**** Provided data ****

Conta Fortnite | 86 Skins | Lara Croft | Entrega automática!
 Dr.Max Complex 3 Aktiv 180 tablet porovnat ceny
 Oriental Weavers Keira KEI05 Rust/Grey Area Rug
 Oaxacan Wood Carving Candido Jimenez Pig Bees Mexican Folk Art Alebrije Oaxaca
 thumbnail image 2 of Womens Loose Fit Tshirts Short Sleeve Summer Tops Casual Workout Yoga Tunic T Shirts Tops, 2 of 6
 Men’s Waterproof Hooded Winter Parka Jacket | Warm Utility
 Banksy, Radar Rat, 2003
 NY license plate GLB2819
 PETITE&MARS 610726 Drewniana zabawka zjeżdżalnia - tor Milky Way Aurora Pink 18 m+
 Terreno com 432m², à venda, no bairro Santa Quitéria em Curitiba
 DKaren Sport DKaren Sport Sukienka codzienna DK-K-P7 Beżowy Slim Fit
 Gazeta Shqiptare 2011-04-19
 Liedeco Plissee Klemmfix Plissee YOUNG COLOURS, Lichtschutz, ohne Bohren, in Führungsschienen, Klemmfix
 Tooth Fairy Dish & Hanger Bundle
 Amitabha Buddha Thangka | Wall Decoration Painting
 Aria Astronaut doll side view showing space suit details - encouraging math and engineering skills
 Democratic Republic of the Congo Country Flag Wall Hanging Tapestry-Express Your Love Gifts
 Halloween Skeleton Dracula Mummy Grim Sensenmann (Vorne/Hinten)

****

Could you write out exactly the lines above, starting at the first one and ending with the line that has "Banksy, Radar Rat, 2003"?

Conta Fortnite | 86 Skins | Lara Croft | Entrega automática!
 Dr.Max Complex 3 Aktiv 180 tablet porovnat ceny
 Oriental Weavers Keira KEI05 Rust/Grey Area Rug
 Oaxacan Wood Carving Candido Jimenez Pig Bees Mexican Folk Art Alebrije Oaxaca
 thumbnail image 2 of Womens Loose Fit Tshirts Short Sleeve Summer Tops Casual Workout Yoga Tunic T Shirts Tops, 2 of 6
 Men’s Waterproof Hooded Winter Parka Jacket | Warm Utility
 Banksy, Radar Rat, 2003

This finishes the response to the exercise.